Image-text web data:

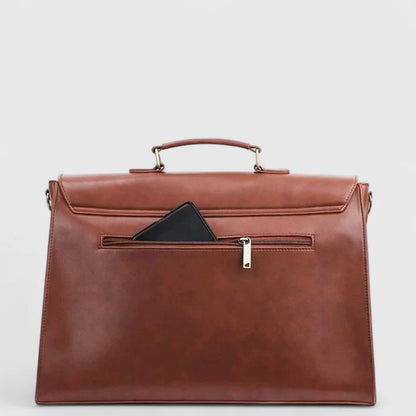 Tahlia | Élégant sac à bandoulière avec nœuds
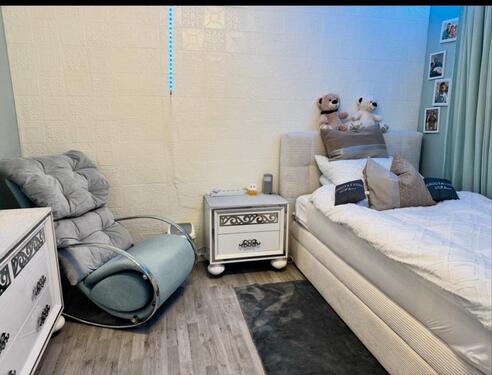 Foto - 1 Zimmer Erdgeschoßwohnung zur Miete in Köln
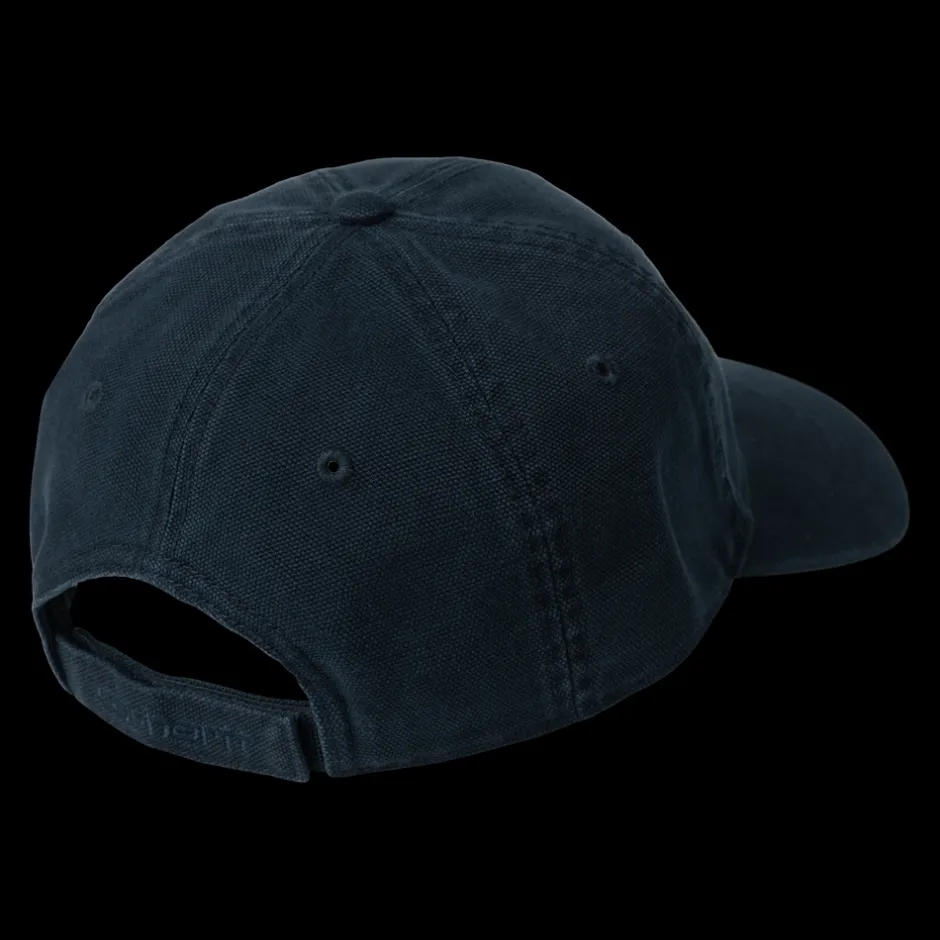 Carhartt WIP Selby Canvas Cap,* Huer & Kasketter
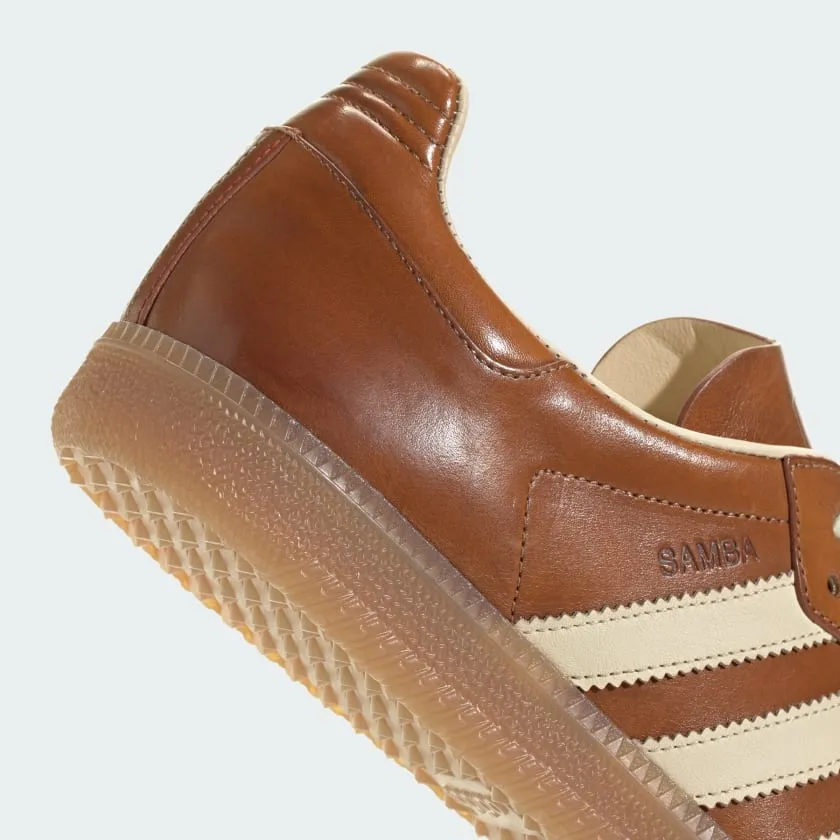 ADIDAS Samba OG 'Made In Italy' Unisex Sneakers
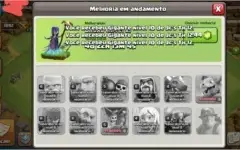 Cv 9 Quase Full - 6.000 de Gemas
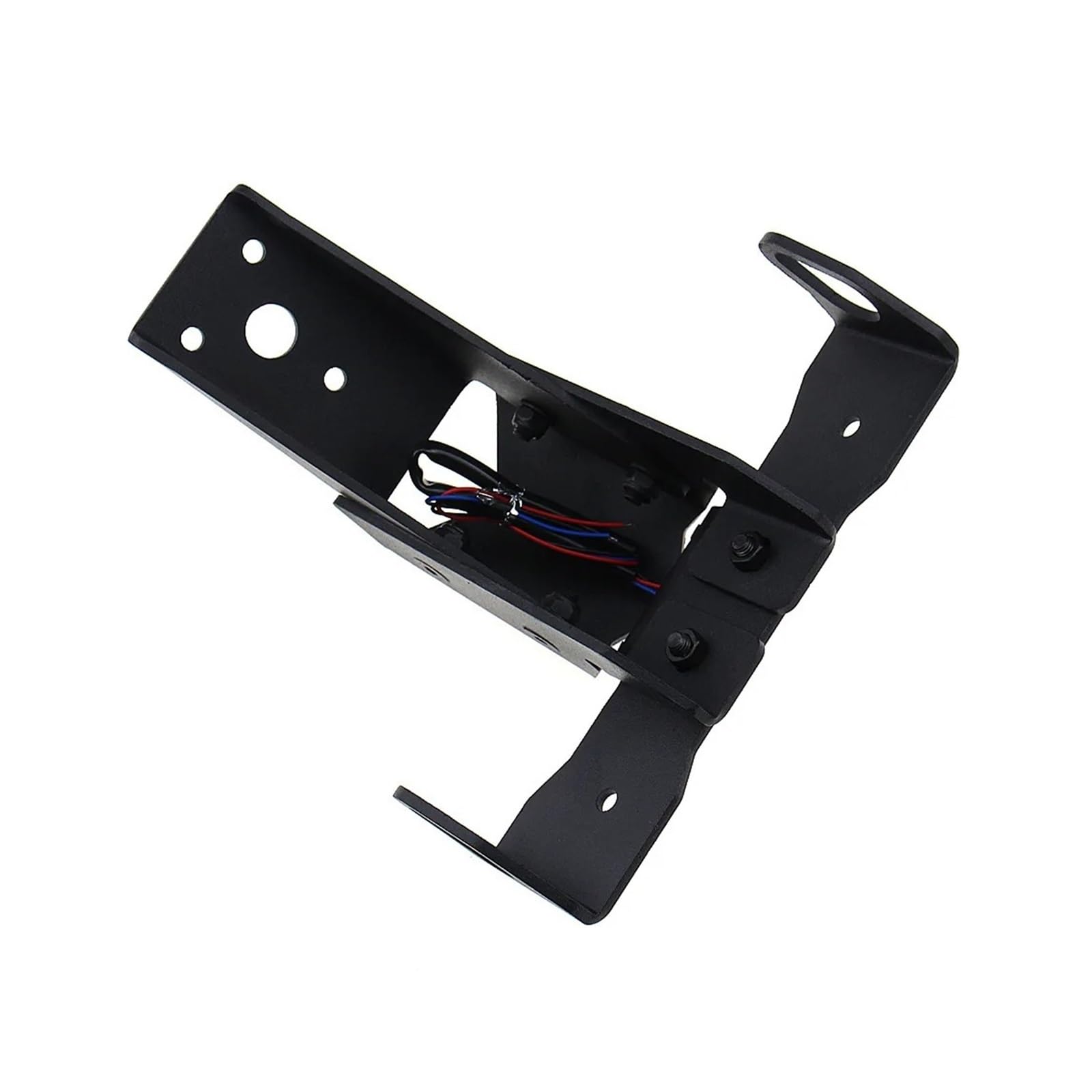 Porta targhe Moto Per YZF-R1 2009-2014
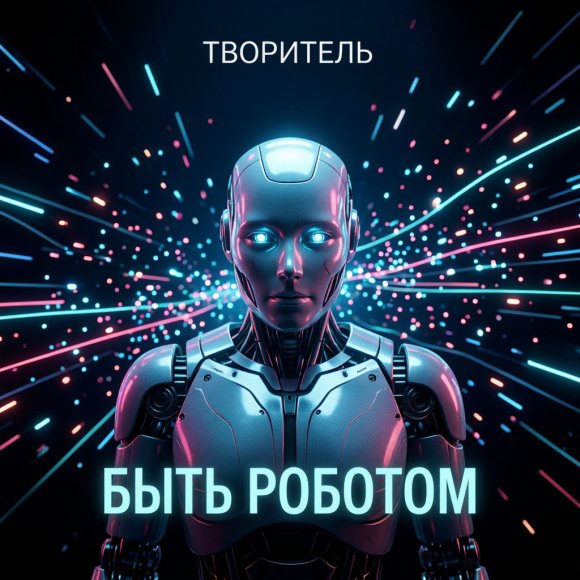 Обложка трека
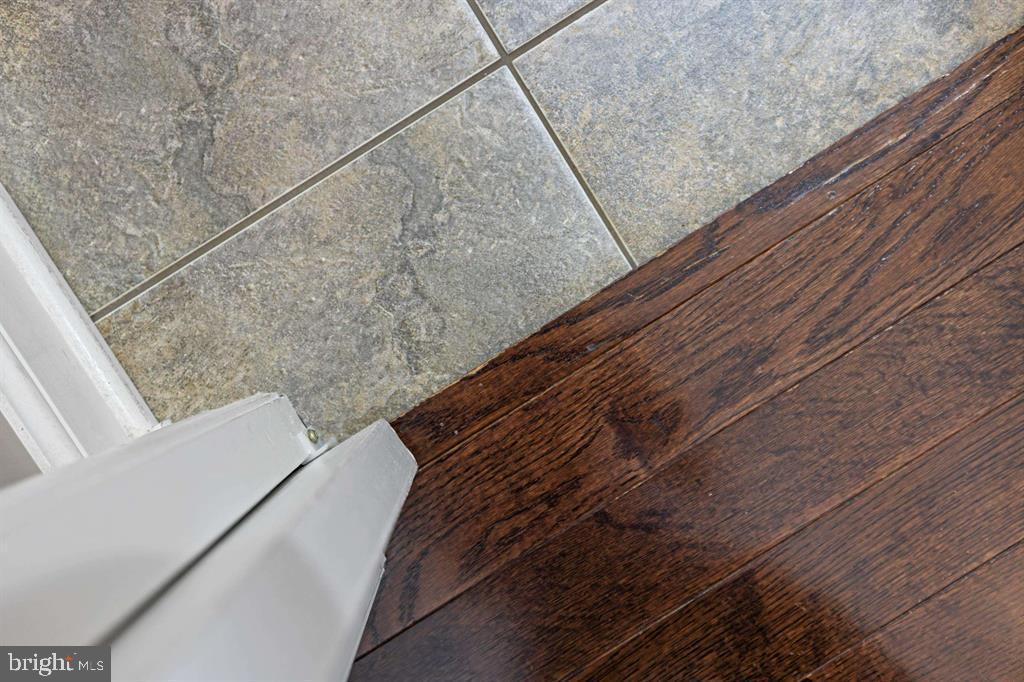 QUANTICO - Residential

Exercise goal: What is needed is an exact copy of the lines from the one containing "Foto - 1 Zimmer" through the last line of the records, with every picture left out.

Written answer:
 Foto - 1 Zimmer Erdgeschoßwohnung zur Miete in Köln
 Carhartt WIP Selby Canvas Cap,* Huer & Kasketter
 ADIDAS Samba OG 'Made In Italy' Unisex Sneakers
 Cv 9 Quase Full - 6.000 de Gemas
 Porta targhe Moto Per YZF-R1 2009-2014
 Обложка трека
 QUANTICO - Residential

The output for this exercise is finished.